The limitations of the self-assessment of competence tools derive from the tool’s purpose: it only measures the student’s perception, close to what Bandura [62] calls self-efficacy. Although students’ perception of their competence influences their behavior in general [63] and in particular in care situations in various ways, the evaluation of a negative perception would enable trainers to identify the students most prone to difficulties in practical situations. Wood and Bandura [64] found that the perception of one’s competence influences the intensity of the effort made as well as that effort’s quality and effectiveness. Individuals who perceive themselves as competent are more effective in problem analysis than those who doubt their abilities. This problem analysis skill (i.e., reflexive attitude) has become a central element in the diagnosis of healthcare professionals (e.g., nurses, physiotherapists).

It does not by itself prevent possible biases, such as the Dunning-Kruger effect [65], and it does not make it possible to assess precisely whether the student’s perception is close to his or her real professional competence in a work situation or, on the contrary, to underestimate his or her incompetence.
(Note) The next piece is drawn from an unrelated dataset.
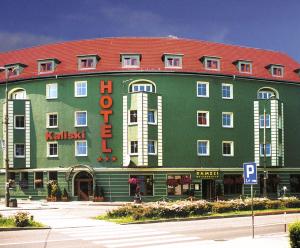 duży zielony budynek z czerwonym dachem w obiekcie Hotel Kaliski w Słubicach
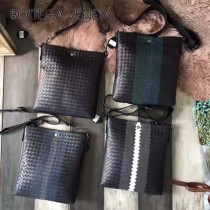 BV-99026 官網同步原單胎牛皮拼色男士斜挎包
Furthermore, despite the authors’ efforts to produce a faithful translation of the initial tool by adapting it to the usual vocabulary used in training courses for care professionals, potential nuances or cultural subtleties embedded in the source language may not have been fully captured. This could potentially lead to minor variations in the interpretation and response patterns among participants using the translated tool.

Conclusions

The study examined the psychometric properties of the French version of the H-PEPSS among nursing and physiotherapy students from France and Switzerland. Results showed that the French H-PEPSS had good construct validity, internal consistency, and measurement invariance across countries and academic majors. The discriminant validity of the French H-PEPSS was also supported, and sociodemographic and academic variables predicted PS competences. This tool provides health care educators with guidance for adapting educational interventions, whether interprofessional or not, and can be used to promote a reflective attitude among students.

Healthcare Professionals are confronted with complex clinical situations and problems. This tool would allow them to monitor their progress in terms of clinical reasoning, to limit confused analyses of situations that put patients at risk, through training in problem solving and self-efficacy. This tool offers health care educators avenues of intervention which can promote a better perception of the skills to be acquired and used in acquiring and using theoretical knowledge (declarative knowledge) and practical knowledge (procedural and conditional knowledge). The use of this scale can be seen as an opportunity for students to make sense of their practice and to adopt a reflective attitude. This supports structuring in learning, especially in a context of health crisis where there is an intense feeling among students of being neglected in training. Further studies would be required to generalize the conclusions to other French-speaking countries and healthcare majors.